A noninterventional diagnosis
Pulmonary arterial hypertension is not something an endocrinologist would typically see in their diabetic patient, Chilton said, in part because it would not be something an endocrinologist would look for.
“These are things that we hadn’t thought about before, because the only people who would be seeing this are pulmonary doctors sending patients to the cath lab,” Chilton said. “This is not something that you would see. But, now that you know about it, can you get it with noninvasive tests? You can.”
Chilton said outside of a cardiac catheterization lab, a clinician can measure the pressure in the lung with a noninvasive echocardiogram.
“So, it is possible that you can track this non-invasively,” Chilton said.
In the “diabetic lung,” the right ventricle of the heart becomes enlarged due to increased pressure, whereas the left ventricle is relatively normal, Chilton said. The pulmonary vascular resistance is now much higher as the right ventricle works to pump blood through the obstructed pulmonary vessel, Chilton said.

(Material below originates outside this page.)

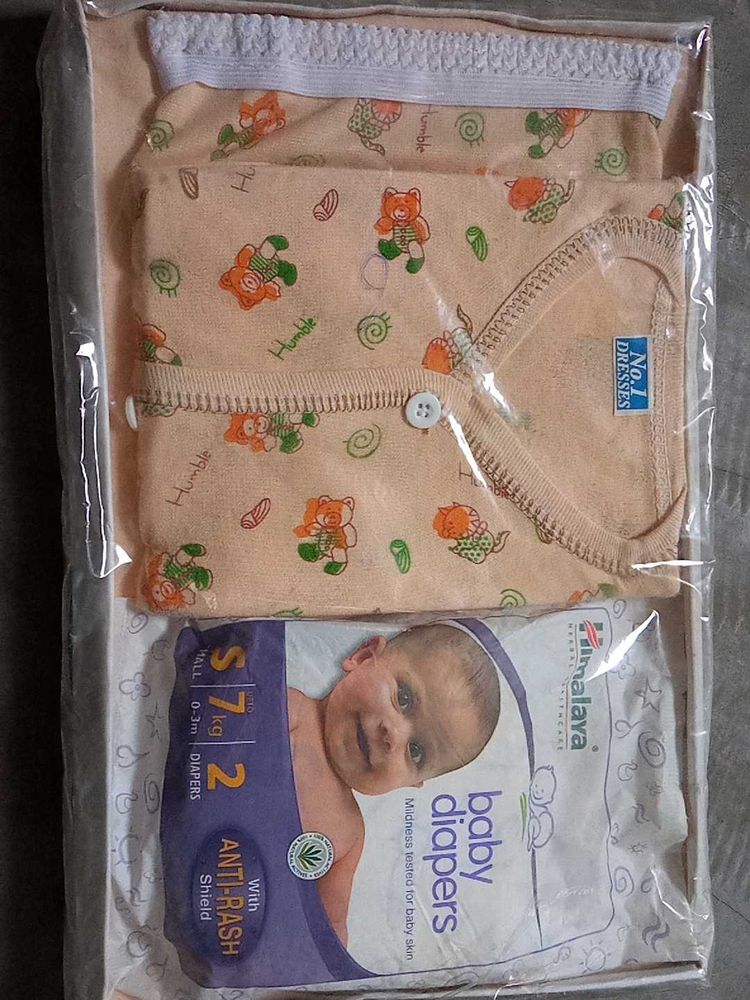Baby Gift Set with Diapers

“What happens is the pressure rises [ on the right side], but the left side’s pressure is normal,” Chilton said. “Guess who has most of this? People with diabetes and insulin resistance.”
The damage to the heart and lungs via insulin resistance, Chilton said, is different: killing the very fine hairline vessels on the endothelial cells that are antioxidant and produce nitric oxide, damaging the vessel bed down to the fine level.

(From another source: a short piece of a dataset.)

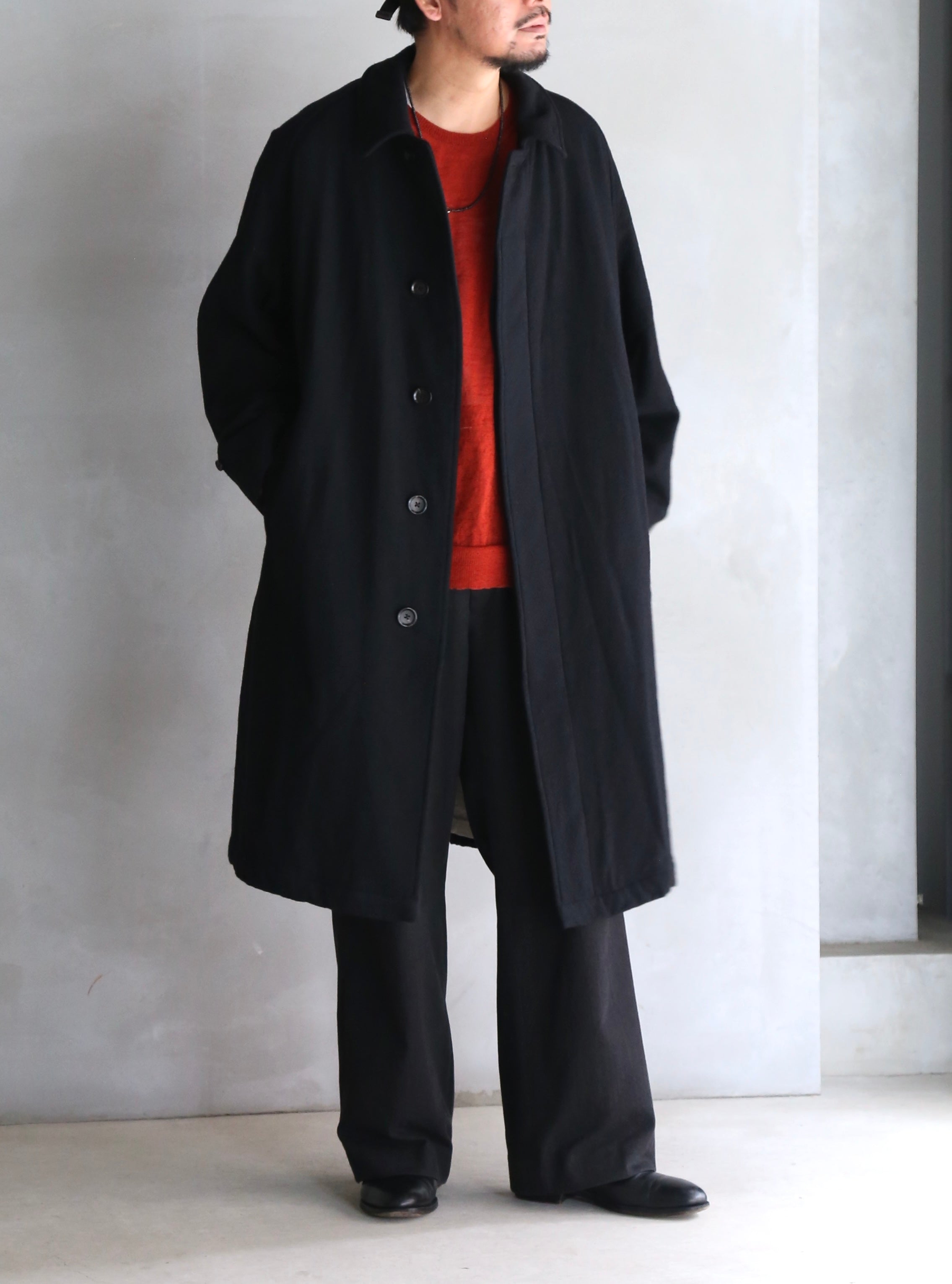 blurhms】Classic Wool Balmacaan Coat (Mens) – End on End.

“When you have a patient with diabetes who is short of breath, and they come to [cath] lab and they have pulmonary hypertension, there should be some bells that come on in your head to say, ‘You know, you might want to consider drugs that lower glucose,’ i.e., pioglitazone, because it works in these areas,” Chilton said.
“Most of the time, when you think of pulmonary hypertension, you think of clots down the artery or a connective tissue problem,” Chilton said. “There is a new consideration now. Insulin resistance in diabetes has moved into the area of pulmonary hypertension, and, maybe, you have the wrong treatment, since none of them seem to work, except in half the patients. Maybe, it’s because they are insulin resistant, and you really need diabetes therapies that actually target this area.” – by Regina Schaffer
Chilton RJ. Role of pioglitazone in the prevention and management of DM and CVD. Presented at: Presented at: Heart in Diabetes Clinical Education Conference; July 13-15, 2018; Philadelphia.